*** GIVEN INFORMATION Section Begins ***
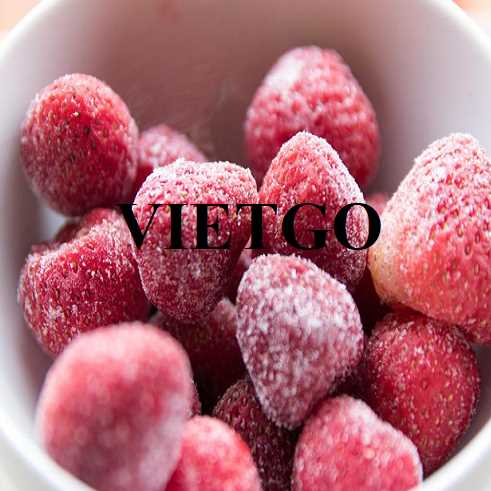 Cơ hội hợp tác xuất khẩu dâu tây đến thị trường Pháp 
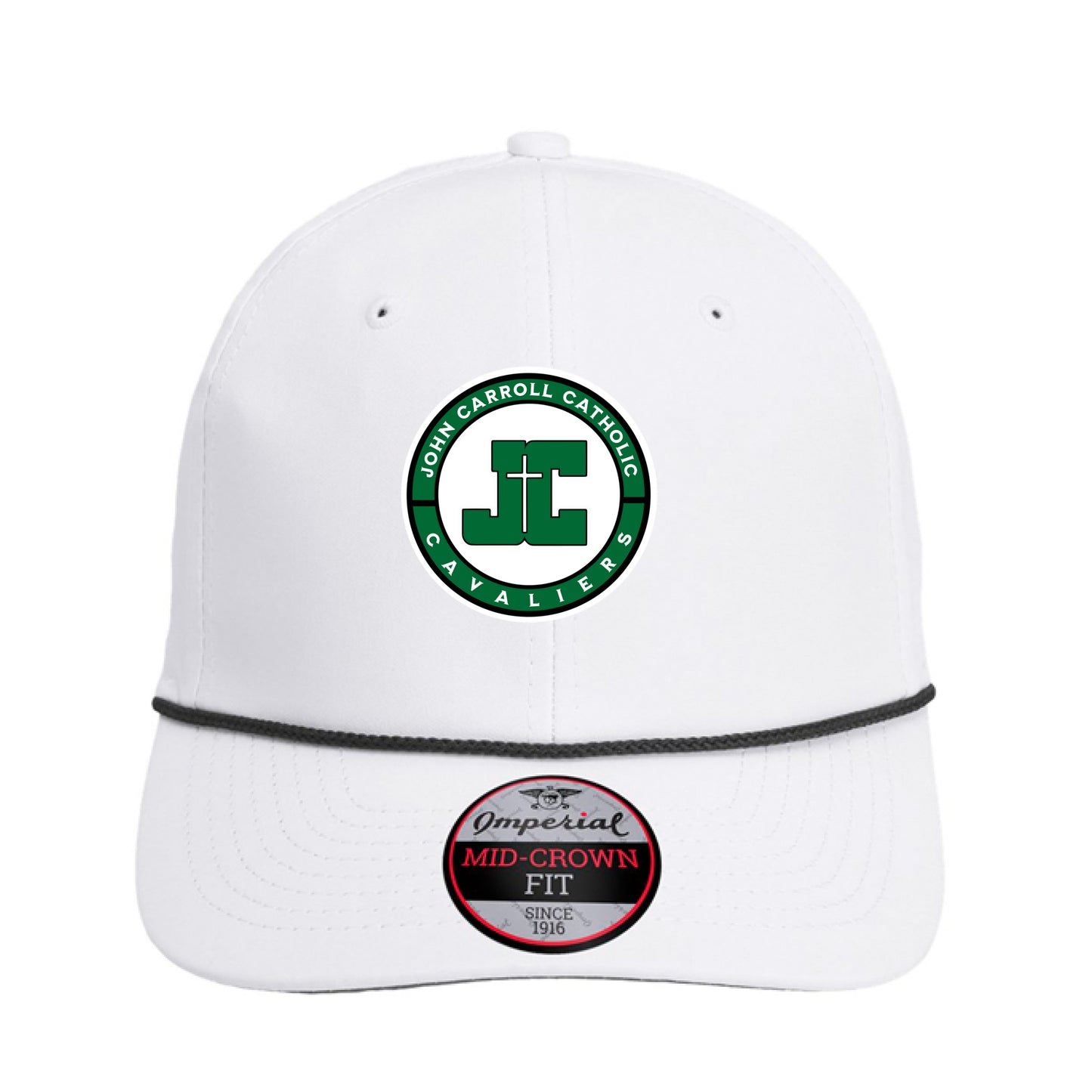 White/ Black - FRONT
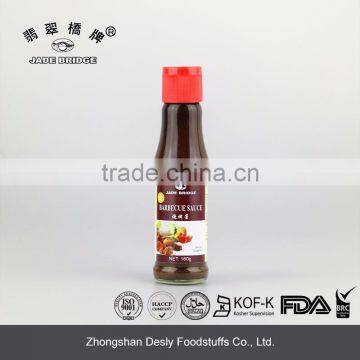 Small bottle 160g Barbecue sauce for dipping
*** GIVEN INFORMATION Section Ends ***
■ INSTRUCTIONS FOR THE TASK
Your reply should consist solely of the lines from the line containing "White/ Black - FRONT" through the last line of the listing, unchanged and free of pictures.

■ OUTPUT FOR THIS EXERCISE
 White/ Black - FRONT
 Small bottle 160g Barbecue sauce for dipping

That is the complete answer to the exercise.